Das einzige Bollwerk gegen den Nihilismus ist das menschliche Herz. Dem eigenen Herzen zu vertrauen, der Sehnsucht nach Heimkehr nachzugeben, ist das einzige Heilmittel. Ein unscheinbares Mittel, aber genau das, was wir brauchen, um die Wahrheit anerkennen zu können, falls sie uns zufällig entgegenkommen sollte. Die nötigen Urteilskriterien sind uns ins Herz gelegt: «Die Hölle - so heißt es bei Italo Calvino - ist mitten unter uns und es gibt zwei Arten, nicht darunter zu leiden. Die eine fällt vielen recht leicht: die Hölle akzeptieren und so sehr Teil davon werden, dass man sie nicht mehr erkennt. Die andere ist gewagt und erfordert dauernde Vorsicht und Aufmerksamkeit: suchen und erkennen wissen, wer und was inmitten der Hölle nicht Hölle ist, und ihm Bestand und Raum geben.» Doch wem oder was gilt es Raum zu geben, wenn jede Sache, jedes Antlitz, selbst die teuersten Beziehungen nicht stark und beständig genug sind, um der Hölle zu trotzen? Nur etwas ganz und gar Außergewöhnliches kann Rettung bringen. Die Geburt Christi führt dieses Außergewöhnliche in unsere menschliche Erfahrung ein und sprengt ihre Grenzen: Das Wort ist Fleisch geworden, Gott einer von uns!

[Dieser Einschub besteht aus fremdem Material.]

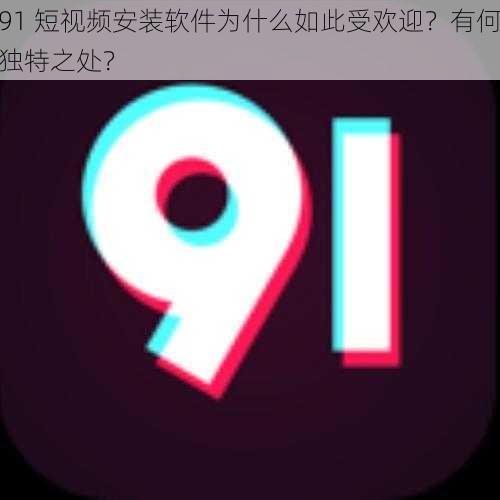 91 短视频安装软件为什么如此受欢迎？有何独特之处？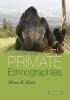 Primate Ethnographies (Paperback) - Karen B Strier Photo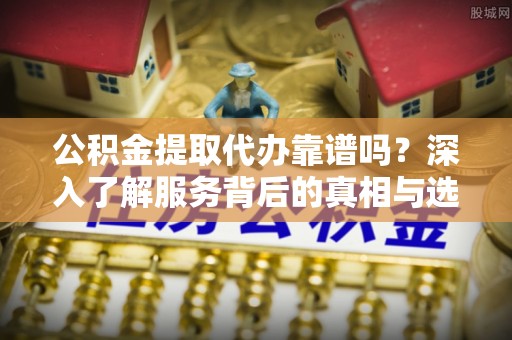黄陂公积金提取代办靠谱吗？深入了解服务背后的真相与选择指南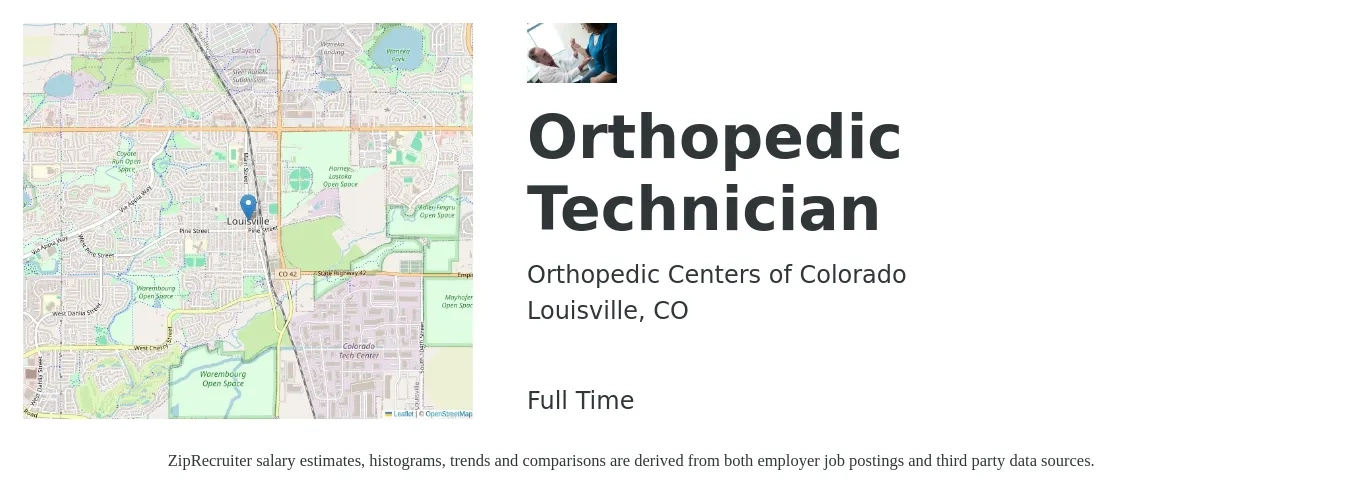 Orthopedic Centers of Colorado job posting for a Orthopedic Technician in Louisville, CO with a salary of $22 to $34 Hourly with a map of Louisville location.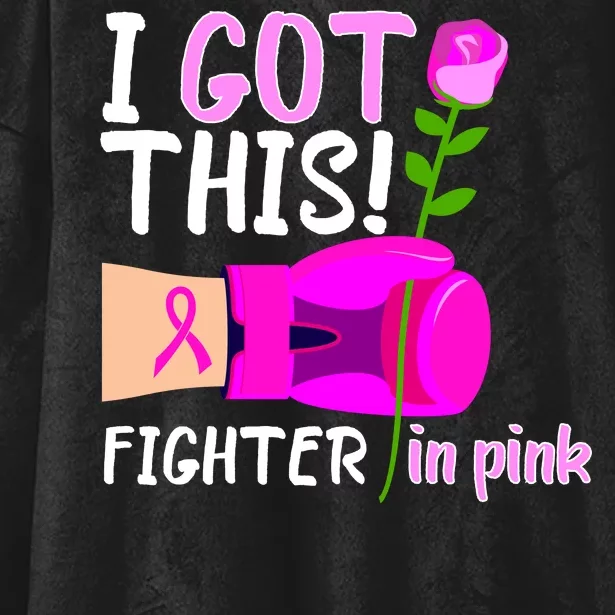 I Got This Fighter In Pink Breast Cancer Hooded Wearable Blanket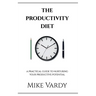 The Productivity Diet: A Practical Guide to Nurturing Your Productive Potential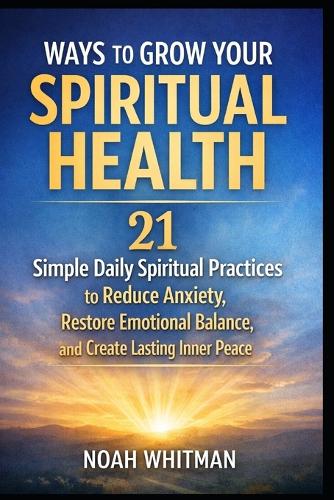 Ways to Grow Your Spiritual Health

Doch heute steht Weihnachten nicht dafür, sondern für Gefühlsduselei, Folklore und abgedroschenes Brauchtum. Der Glaubensinhalt selbst interessiert auch Kirchgänger kaum. «Aber wie ist das möglich», so fragt der Heilige Vater, «dass der Mensch zu dem Größten "nein" sagt, für das Wichtigste keine Zeit hat, seine Existenz in sich verschließt?» Und er antwortet: «Sie haben eben nie die Erfahrung Gottes gemacht, sind nie auf den Geschmack Gottes gekommen; sie haben nie gespürt, wie köstlich es ist, von Gott angerührt zu werden!». Wie können wir nun aber von Gott «berührt» werden? Einzig durch die veränderte Menschlichkeit von Zeugen. Sie sind nicht unbedingt bessere, aber doch ergriffenere Menschen. Menschen, deren Leben ganz von einem Faktum bewegt wird, so wie es damals den Hirten unvermittelt erging: Kommt und seht! Ein Kind ist euch geboren!
Dann ist Weihnachten Grund zur Hoffnung für alle. Dann reicht es, zu schauen und sich von seiner Schönheit verletzen zu lassen, wie es die Liturgie der Weihnacht beschreibt: «Im Geheimnis des Fleisch gewordenen Wortes ist den Augen unseres Geistes das neue Licht Deiner Herrlichkeit erschienen.» Dieses Staunen hallt auch in den Worten Pasolinis wider: «Das Auge schaut - es ist das einzige, dass der Schönheit gewahr wird - die Schönheit sieht man, weil sie lebendig ist, das heißt wirklich. Man müsste vielleicht eher sagen, es sieht mitunter die Schönheit. Denn das hängt auch davon ab, wo die Schönheit sich enthüllt. Das eigentliche Problem besteht aber darin, Augen zu haben und doch nicht auf das zu schauen, was vor ihnen geschieht. Die Augen zu verschließen. Augen zu haben, die nicht mehr sehen, die nicht mehr neugierig sind, die nicht mehr auf ein Ereignis hoffen. Vielleicht weil sie zweifeln, dass es die Schönheit überhaupt gibt. Doch sie durchwandert die Wüste unserer Wege, durchbricht unsere Grenzen und erfüllt unsere Augen mit unendlicher Sehnsucht.» Heute wie vor zweitausend Jahren. Es ist diese unendliche Sehnsucht, welche die Kirche immer schon ruft lässt: «Komm Herr Jesus!».